Both the SEP IRA (Simplified Employee Pension) and the SIMPLE IRA (Savings Incentive Match Plan for Employees) were designed to give small businesses an accessible alternative to the full-complexity 401(k). They use the familiar IRA structure — individual accounts at a custodian, no plan testing, no ERISA filings — which keeps administrative overhead low.
The fundamental difference is who puts the money in. A SEP IRA is funded entirely by the employer — employees make no elective deferrals. A SIMPLE IRA allows employees to defer part of their paycheck, with the employer required to either match those deferrals or make a flat contribution for all eligible employees. That employee-contribution ability is what makes the SIMPLE attractive for businesses whose employees want to save on their own — and what makes the SEP better for self-employed owners who primarily want to maximize their own contributions.
The choice between them often comes down to two factors: whether you want employees to be able to contribute from their paychecks, and whether the SIMPLE IRA's two-year rollover restriction creates a problem for your situation.
SEP IRA: Employer-Only Contributions
In a SEP IRA, only the employer (or self-employed individual acting as the employer) makes contributions. Employees cannot make elective deferrals from their paychecks. The employer can contribute up to 25% of each eligible employee's compensation (or 25% of net self-employment income for the owner), with a 2026 cap of $72,000. Contributions are discretionary — the employer can contribute different amounts each year or skip a year entirely.
SIMPLE IRA: Employee Deferrals + Mandatory Match
A SIMPLE IRA allows employees to defer up to $17,000 (2026) from their paychecks — similar to a 401(k) but with lower limits. Catch-up contributions for age 50+ bring the standard limit to $21,000. Employers with 25 or fewer employees may use higher limits: $18,100 base ($21,950 with age-50+ catch-up), and ages 60–63 may defer an additional $5,250 under SECURE 2.0's enhanced catch-up. In exchange, the employer must either: (1) match employee deferrals dollar-for-dollar up to 3% of compensation, or (2) make a 2% non-elective contribution for all eligible employees regardless of whether they contribute. Starting in 2026, Roth SIMPLE contributions are available for employee deferrals at custodians that support it — employer contributions remain traditional (pre-tax).

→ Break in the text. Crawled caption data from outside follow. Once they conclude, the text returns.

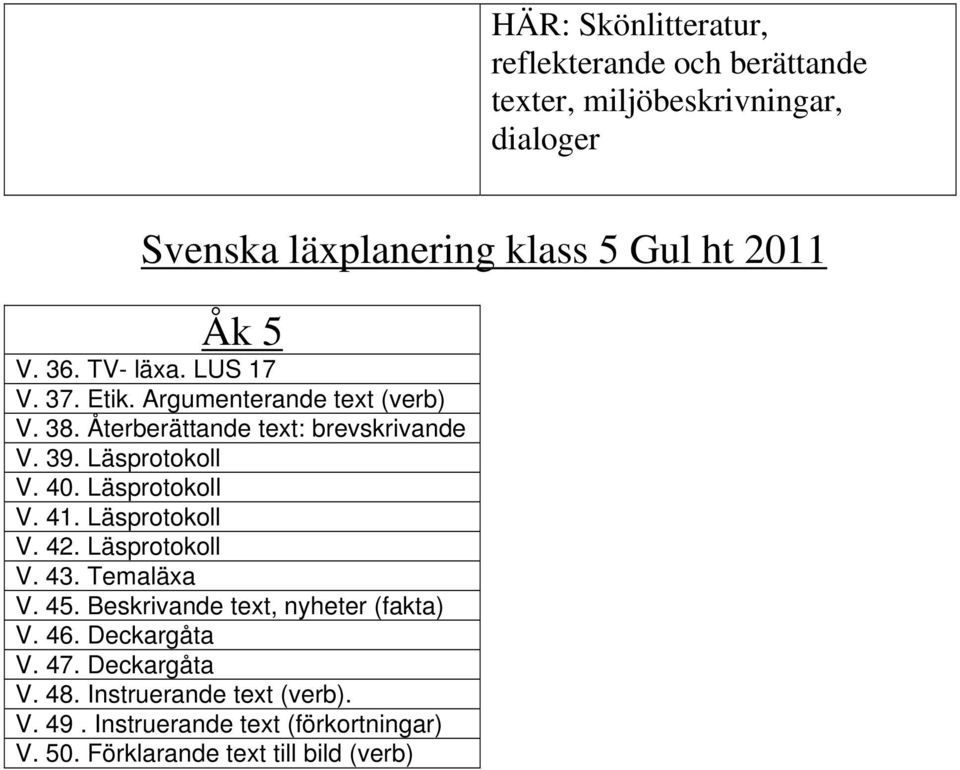 40. Läsprotokoll V. 41. Läsprotokoll V. 42. Läsprotokoll V. 43. Temaläxa V. 45. Beskrivande text, nyheter (fakta) V. 46.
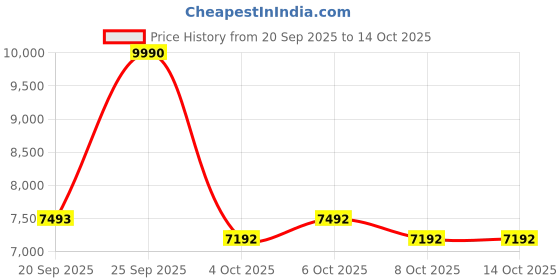 myntra.com j.fontini J FONTINI Men Tan Leather Loafers j.fontini Price History Graph from 20 Sep 2025 to 13 Oct 2025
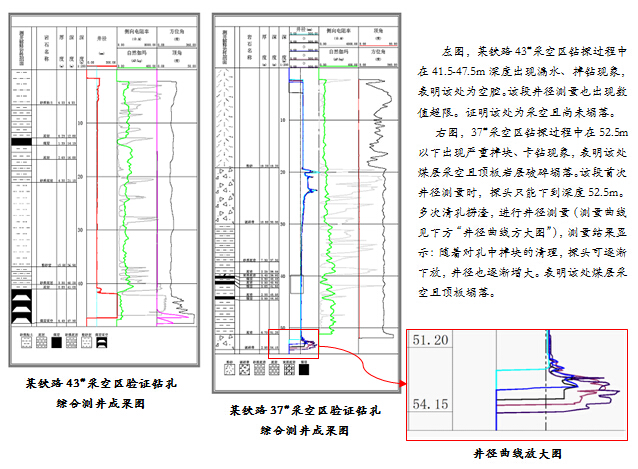 采空区验证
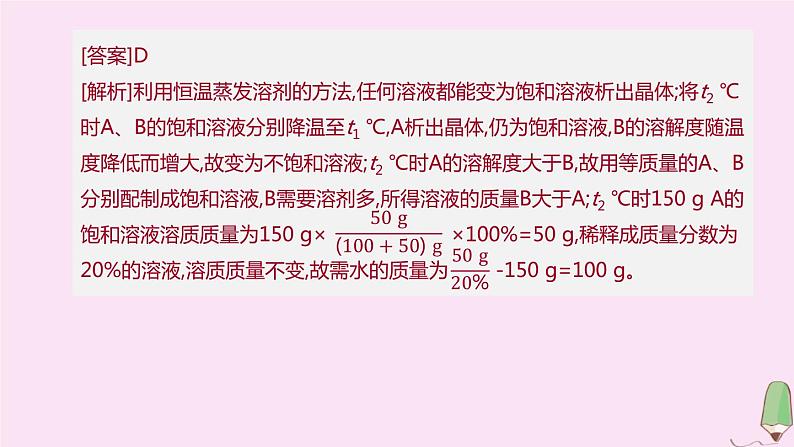 徐州专版2020中考化学复习方案题型突破02图标题课件20200522117304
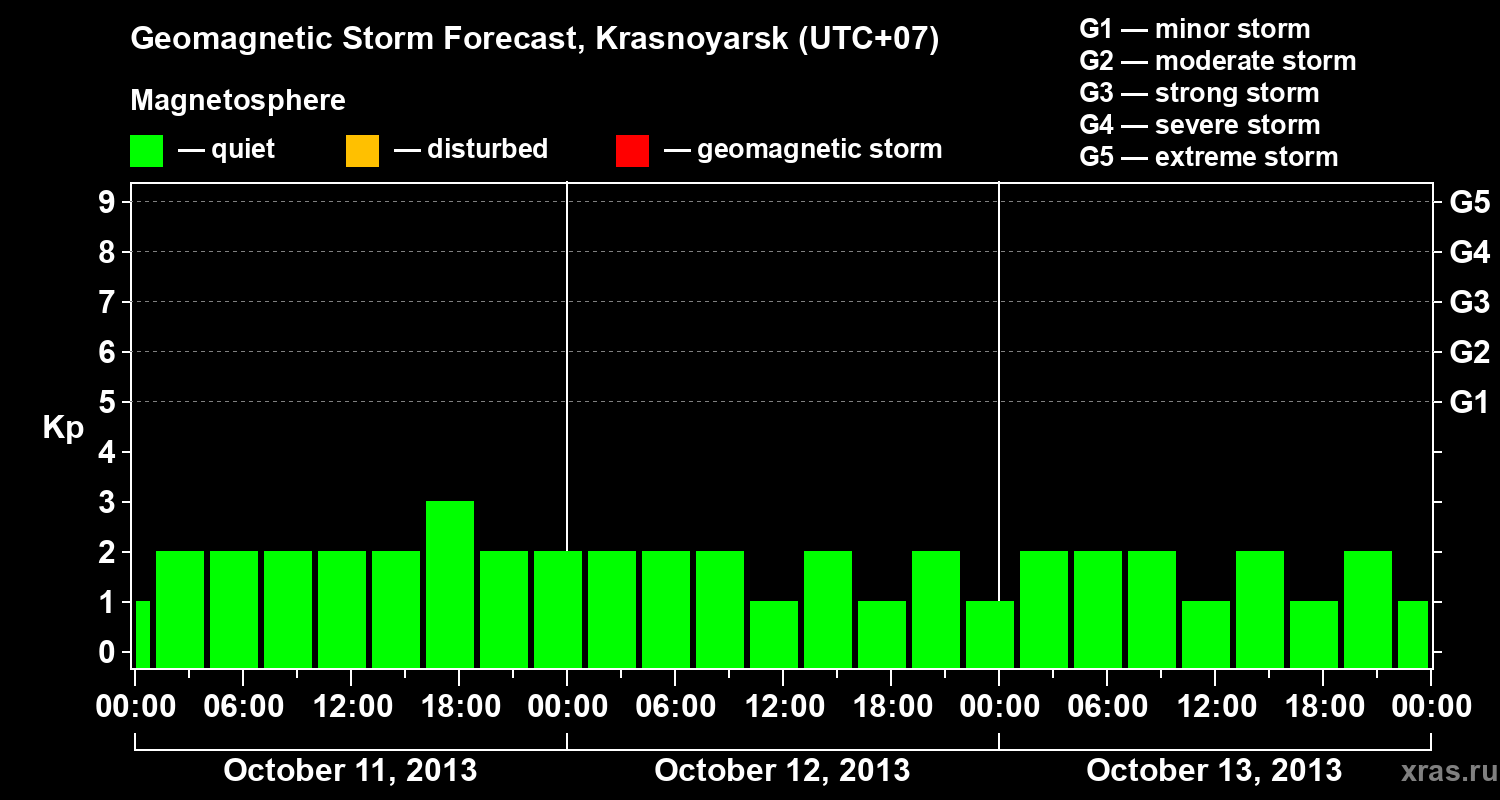 Forecast of the geomagnetic index&nbsp;Kp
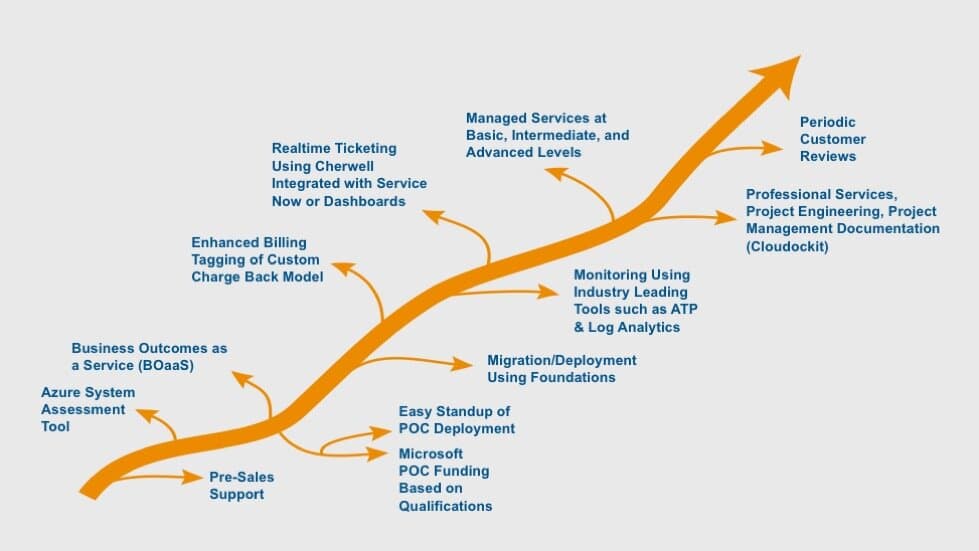 Path to a Cloud Solution Provider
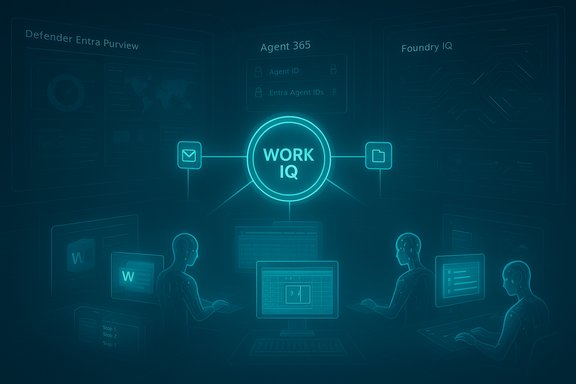 A neon 'WORK IQ' hub links email and folders in a futuristic security operations diagram.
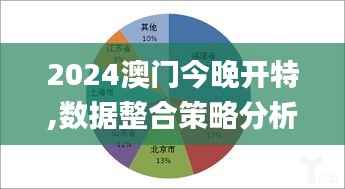 2024澳门今晚开特,数据整合策略分析_运动版36.341-9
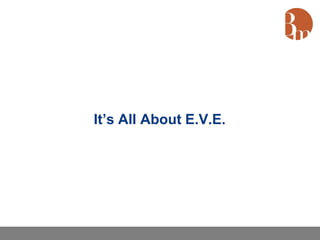 It’s All About E.V.E.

The SIMPLE IRA 2-Year Rule
This is the rule that catches the most people off guard. For the first two years after you first participate in a SIMPLE IRA, you cannot roll or transfer your SIMPLE IRA balance to a traditional IRA, 401(k), or any non-SIMPLE account. You can only move it to another SIMPLE IRA. After two years, the normal rollover rules apply. This restriction also affects the early withdrawal penalty: withdrawals within the first two years face a 25% penalty (not the standard 10%).
SEP IRA Setup Flexibility
A SEP IRA can be established and funded as late as the employer's tax filing deadline, including extensions. For a sole proprietor on extension, that's October 15 of the year after the tax year. This makes the SEP IRA uniquely attractive for high earners who haven't decided on a retirement plan by year-end — you can open one in April or October and still get a prior-year deduction. No other plan offers this level of setup flexibility.
SIMPLE IRA Setup Deadline
A SIMPLE IRA must be established by October 1 of the calendar year for which it will first be used. A plan started after October 1 cannot be a new SIMPLE IRA for that year. The one exception: if you acquire a business that already had a SIMPLE IRA, you may be treated as maintaining it. This October 1 cutoff is one of the plan's major practical limitations compared to the SEP IRA.
Eligibility and Employee Coverage
SEP IRAs: employers must cover any employee who earned at least $750 (2026) in any three of the prior five years. SIMPLE IRAs: available only to employers with 100 or fewer employees who earned at least $5,000. Both plans vest employees immediately — there's no waiting period for employer contributions to belong to the employee. This full and immediate vesting is simpler than the vesting schedules used in most 401(k) plans.